さて、元をたどればすべて「/」にたどりつくということですが、逆に言うとどんどん枝分かれしていくということになります。こういったものをツリー構造体とかいいますが、「ルート(root)」のもともとの意味は「根っこ」です。図のように根のようにディレクトリが分かれています。それぞれのディレクトリには役割が決まっていますが、ひとまずこれらはWindowsのように特殊な意味が存在するものではないと考えてかまいません。Linuxの習慣的なもので図のように意味づけされているのです。
各ディレクトリには当然名前が付いています。あくまでLinux上で管理するだけのルールなのですが、日本語のようなマルチバイトの文字、つまり全角文字や「my directory」のようにスペースが入る名前は付けてはいけませんし、そのようになってるようなディレクトリはありません。これも後述になりますが、ディレクトリはコマンドと一緒に指定するのですが、コマンドを扱うときにスペースがとても重要な意味を持つのです。なので、紛らわしいスペースを使ってはいけません。使えないわけではないのですが。

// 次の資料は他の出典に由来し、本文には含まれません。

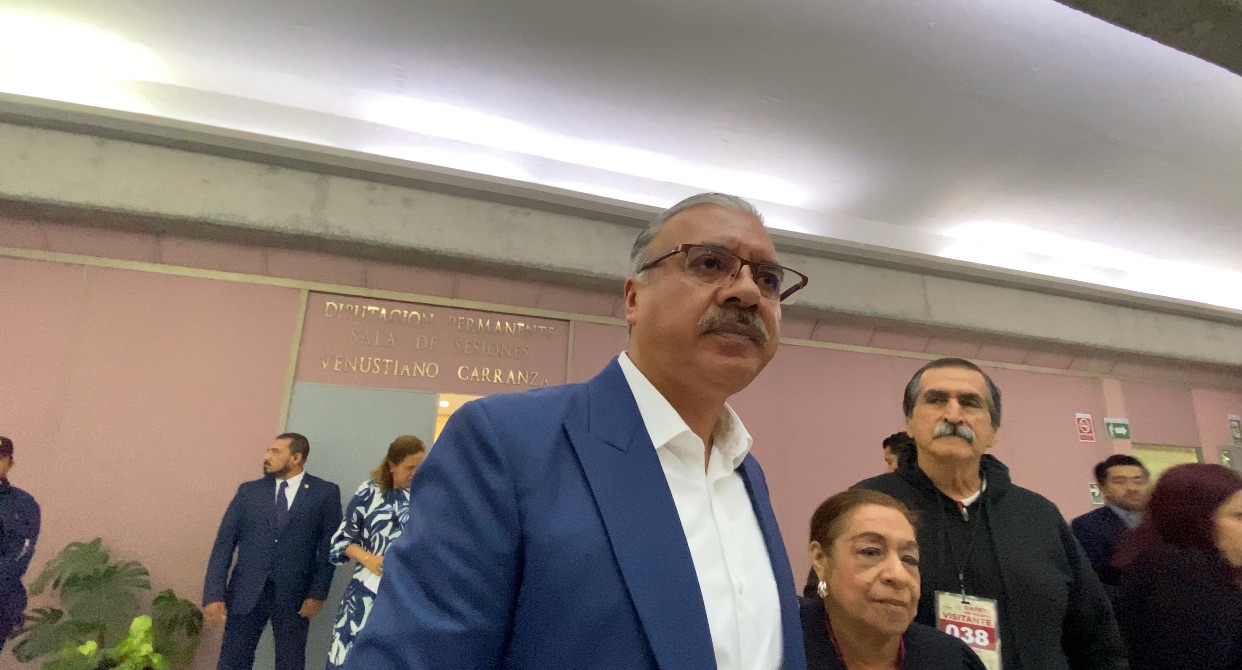 Aún no informan a maestros qué pasará con la paquetería office vencida; es usada en trámites administrativos de 24 mil planteles educativos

そこで次に理解しなければならないのはパス(path)の表現方法です。パスはその意味の通り、これらツリー構造のディレクトリをどういうルートでたどっているかというものです。これを文字列だけで表現します。そこで、「/(ルート)」が重要な役割をします。

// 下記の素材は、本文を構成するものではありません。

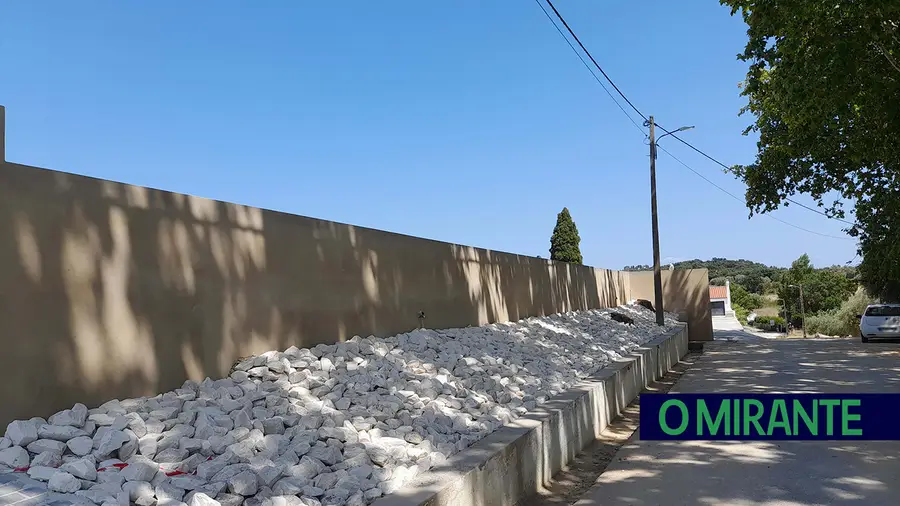 Reconstrução de muro do cemitério de Vale de Figueira custou 56 mil euros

私が最初にLinuxを触ったとき、まったく何もわからなかったので、いつでもパスの表現は「/my_dir/tools」とかしていました。ですがこれはエラーになります。実は先頭に「/」をつけると「/(ルート)」からの絶対参照になります。絶対参照(絶対パス)とは、常に元になるパスから指定することです。この方法は、構造さえ理解していれば、絶対にその場所にたどりつけることが保障されています。常に「/」から始まるため、絶対(absolute)になるわけです。それとは反対に相対参照(相対パス)という指定方法があります。これは自分が今参照しているディレクトリからどう見るかです。ツリー構造の図で説明すると、もし今あなたが「webmaster」というディレクトリにいて、「kernel」までたどりつきたいとします。その場合は「../../etc/kernel/」となります。この「../」は自分の一つ上の階層を意味します。これを繰り返すことで、目的のディレクトリを参照します。これはそのディレクトリからの構造をよく理解しておかなければならない(つまり自分より上の階層がどういう構造になっているかがわかりにくい)という欠点はあるものの、自分より上の階層のディレクトリ名が変わっていても参照が可能、つまりフレキシブルな方法だといえます。これは実際にウェブサイトやプログラムを作っている人ならよくお分かりだと思います。ちなみ相対参照には自分自身のディレクトリを意味する書き方もあります。「./」と書いて、「カレントディレクトリ」と詠んだりします。例えば「../../etc/kernel/」は「./../../etc/kernel/」と同じ意味になります。